INFORMATION SUPPLIED
*** Block opens ***

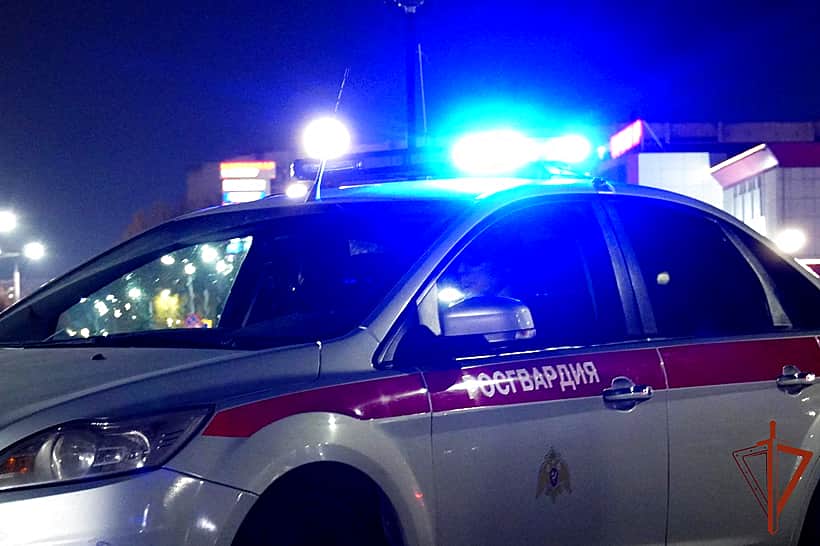 В Новочебоксарске двое неизвестных избили местного жителя и скрылись.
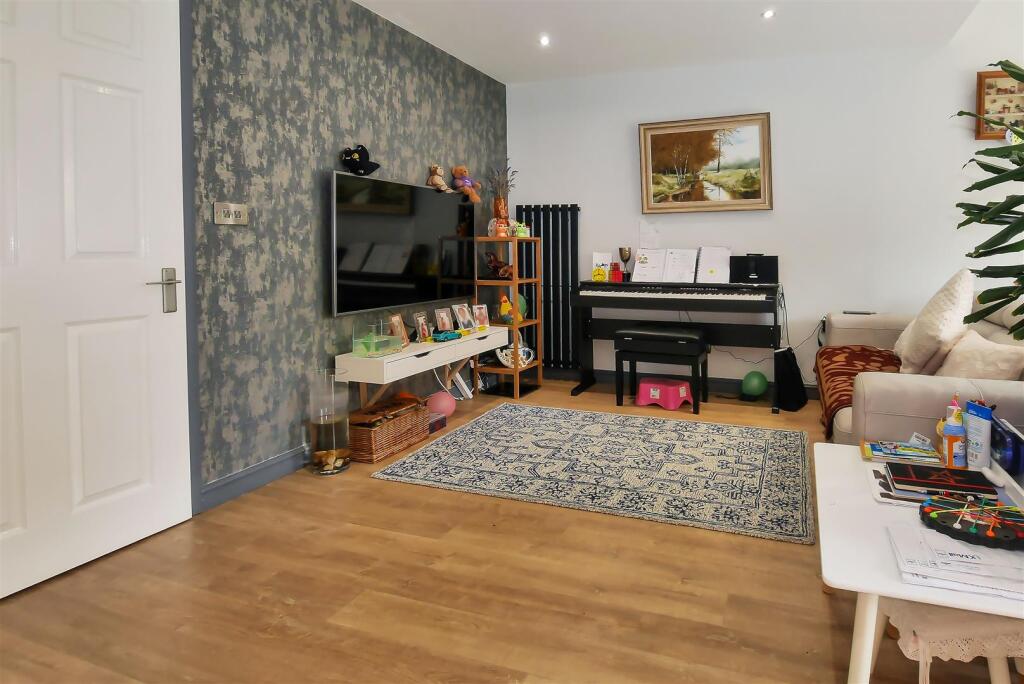 Additional image 14 of Kingfisher Drive, Littlehampton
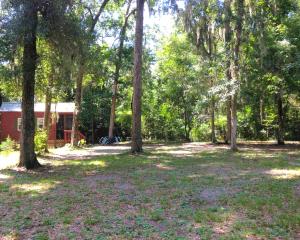 Cozy Cabin Rental on the Santa Fe River near High Springs, Florida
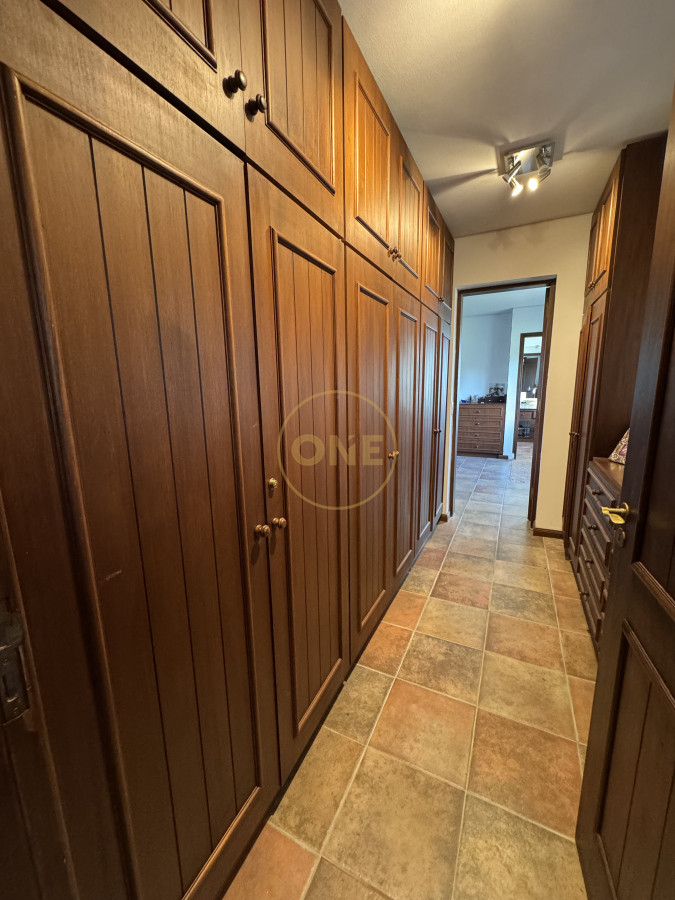 Casa ID.1745 - VENTA CASA 4 DORMITORIOS PUNTA BALLENA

*** Block closes ***

TASK STATEMENT
Output only the lines from the line that contains "Cozy Cabin Rental" through the end of the material, both ends included, and skip every picture.

RESPONSE BELOW
 Cozy Cabin Rental on the Santa Fe River near High Springs, Florida
 Casa ID.1745 - VENTA CASA 4 DORMITORIOS PUNTA BALLENA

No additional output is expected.